It would be impossible to know where to begin to quantify the impediments which living with a disability presents. There are some areas upon which comment will never be uttered openly. However, there are certain aspects of life’s journey which regular visitors to this space will know cause great angst. Maybe not to the extent pertaining to the areas which tend not to be discussed openly, but it doesn’t make them any less heart breaking to deal with.
Farming and sport have always been – and hopefully will always be – the two central tenets of life here. With the latter, I have been blessed to have an avenue to involvement therein due to writing about it. Indeed, such is the way matters in agriculture are gone that a sizable role can be played on the administration side of things.
Yet, the common thread running through both beloved interests is that one is always observing at a bit of a remove. Whether, in the case of one that means not being able to drive a tractor or tend to stock or, in the case of sport, not being able to actually partake therein. The pang of so near and yet so far never wanes. Even in terms of folks known to me who partake in sport by rotary conveyance.
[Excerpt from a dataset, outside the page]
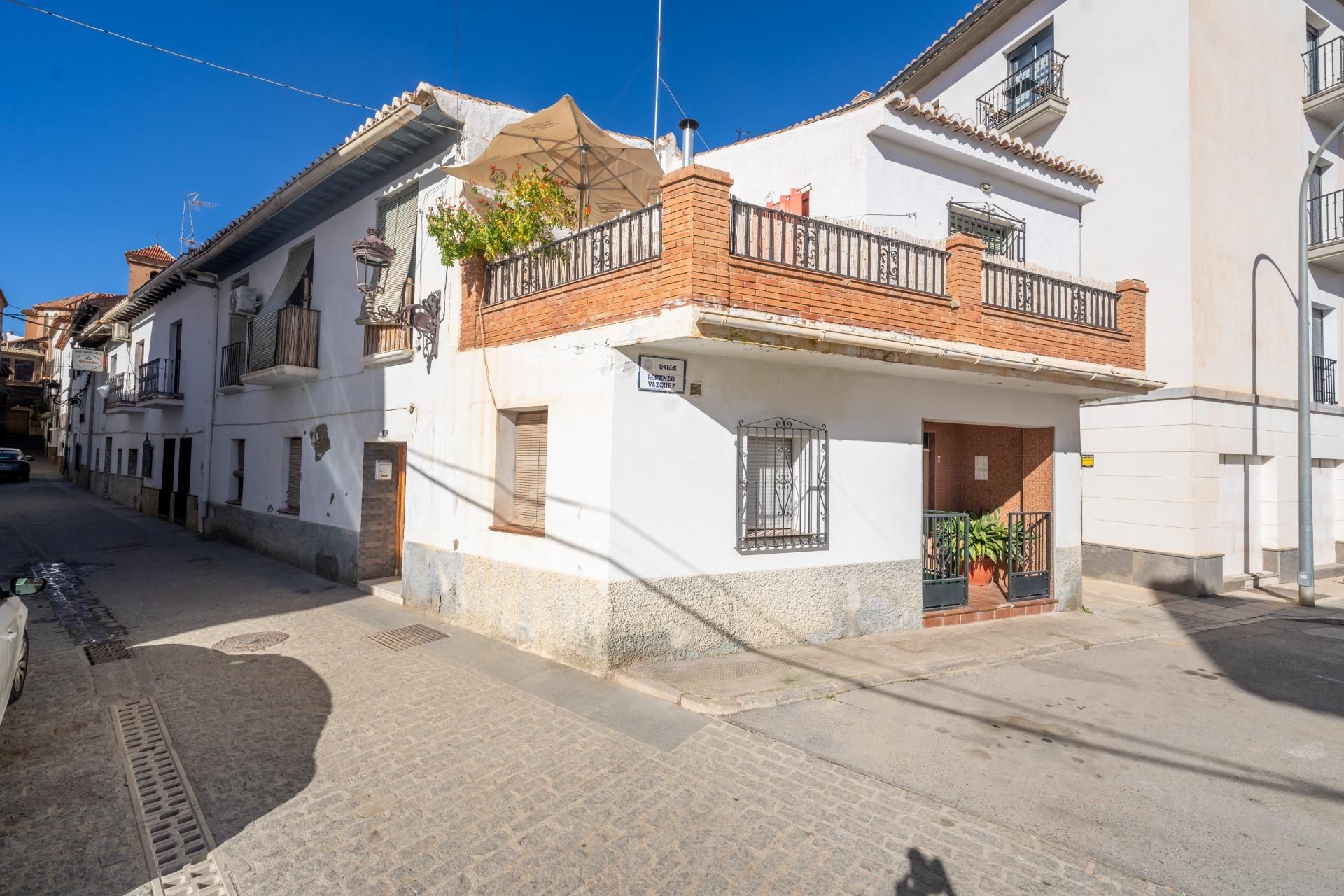 Exterior view of House or chalet for sale in Guadix  with Heating, Terrace and Balcony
Their doing so, though, is nothing short of inspirational to me. And many others too, I suspect. It is for those reasons, and more, that James McClean’s recent gesture of engaging with and playing against the Oxford Bulls football team – all of the members of which live with Downs Syndrome – was so profoundly moving.
Comment has often been passed before on how far removed from reality many of those involved in top level professional sport tend to be. The gesture by the West Brom winger, though, went a long way towards re-affirming the real value of sport in life. What goes on within the lines of competitive action tends to be only part of the story.
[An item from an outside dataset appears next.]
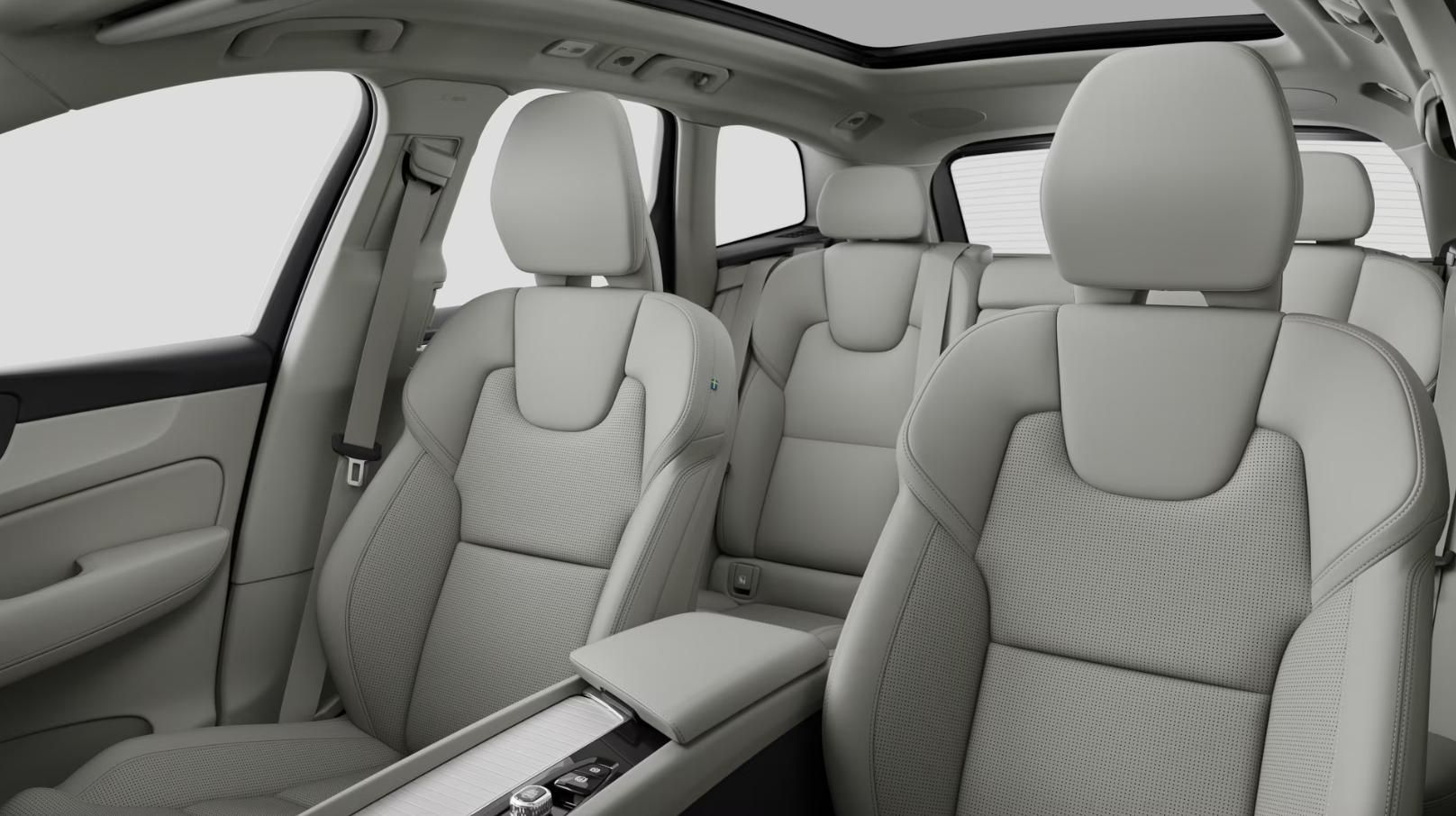 Volvo XC60 4x4 2.0 247 kW automat rok 2026, 7 km, Maďarsko — foto 11 z 39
Such re-assurances as McClean’s thoughtfulness provided were badly needed, mind you. Not least after some of what has gone on in and around the Irish team of which he is becoming an ever more central part. Obviously, the grotesque injury sustained by Seamus Coleman against Wales has been to the forefront of all thoughts and commentary.
Now, some might say Neil Taylor didn’t intend to injure the Everton fullback. However, with gut feeling being that there was absolutely no need for the Swansea player to make the tackle in the first place, it’s impossible to feel that there wasn’t malicious intent. Whether there was or not is immaterial in one way anyway. Nothing can excuse what befell the Donegal defender. Furthermore, no matter what sanctions are administered to the perpetrator, the greatest fear would be for the future of Coleman’s career.
Which of course would be a grave concern to Martin O’Neill and anyone with even a passing interest in the Irish team. Inclination is to think that the team captain will make his way back to the fray in due course. It must be remembered that, while in Ireland greatest angst would centre on the impact being shorn of the former Sligo Rovers player would have, he would also be a considerable loss to his club, Everton.
This corner’s loyalties lie in the red half Manchester in terms of keeping a bit of an interest in soccer affairs across the water. However, for whatever reason, the fortunes of those in the blue half of Liverpool have always been followed pretty closely as well. Maintaining such interest, for all that, is becoming ever more arduous due to the bickering ignorance of the Goodison Park boss, Ronald Koeman.
Given the Dutch man’s ludicrous running battles with O’Neill and Roy Keane regarding the availability of James McCarthy, you shudder to think what the former Barcelona captain’s response was when informed of Coleman’s plight. Then again, it might be best not to pay too much heed to his utterances as he’s been spouting nonsense for months.
Notwithstanding the fact that clubs naturally have first call on a player as they pay the wages, Koeman’s protestations that the midfielder is continually injured whilst with the national team are as laughable as they are getting tiresome. For, as the Ireland manager rightly pointed out, the player came through Ireland’s Euro 2016 journey unscathed. Which can only infer that the ailments continually mitigating against the midfielder are being acquired in and/or because of his club’s training regime.
Then again, those in control on Merseyside have enough on their plate as the talented but obviously petulant Romelu Lukaku displays the sort of behaviour which is the complete antithesis to the manner in which Derry’s McClean has carried himself of late. The Belgian striker is indeed a very good one and his loss to his current employer would be immense, but, given the choice of him or McClean, I know who’d be going in my team every week.